INSTRUCTIONS TO FOLLOW: With pictures removed, print the listing exactly.

GIVEN INFORMATION:
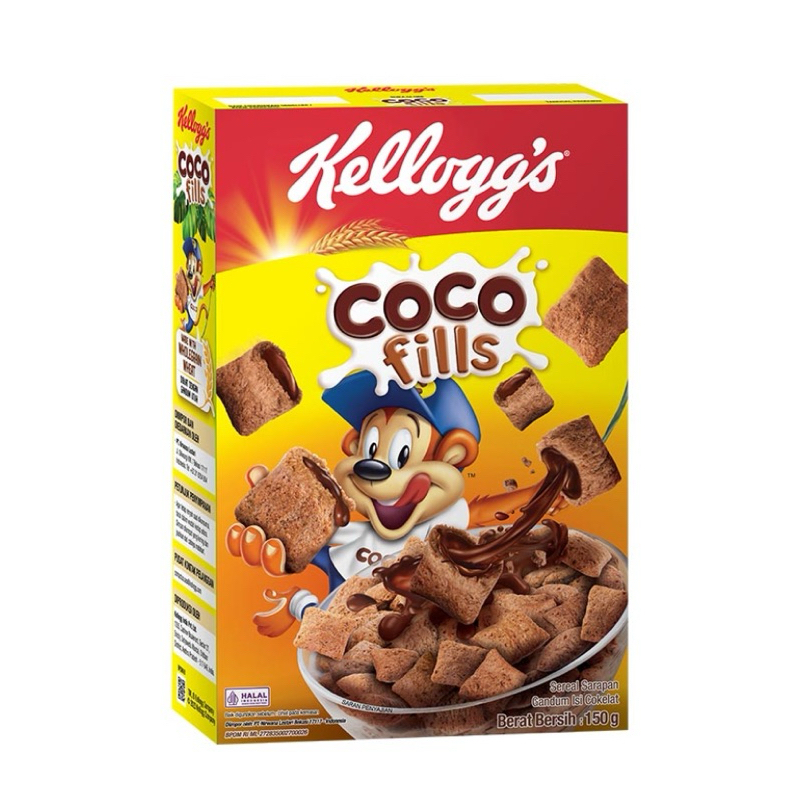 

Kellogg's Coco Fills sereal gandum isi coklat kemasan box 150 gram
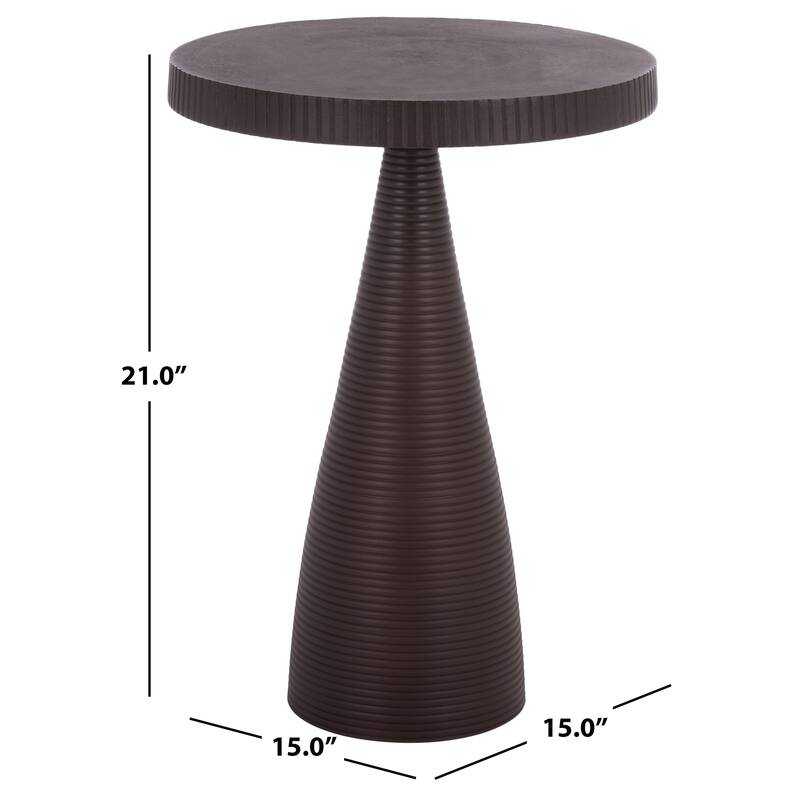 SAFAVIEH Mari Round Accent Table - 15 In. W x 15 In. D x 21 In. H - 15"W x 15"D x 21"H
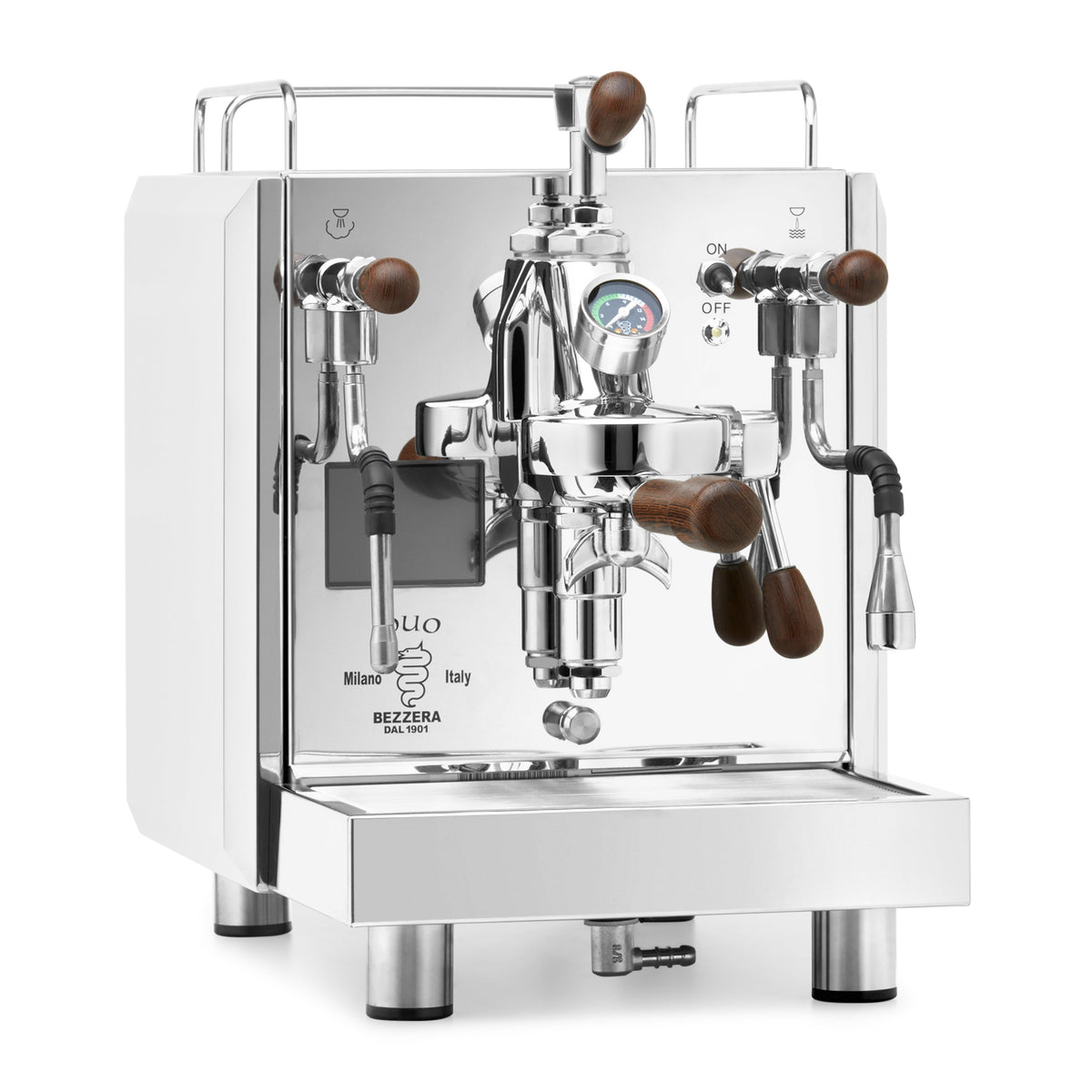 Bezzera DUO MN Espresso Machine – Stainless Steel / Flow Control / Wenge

ANSWER TO THIS TASK:
Kellogg's Coco Fills sereal gandum isi coklat kemasan box 150 gram
 SAFAVIEH Mari Round Accent Table - 15 In. W x 15 In. D x 21 In. H - 15"W x 15"D x 21"H
 Bezzera DUO MN Espresso Machine – Stainless Steel / Flow Control / Wenge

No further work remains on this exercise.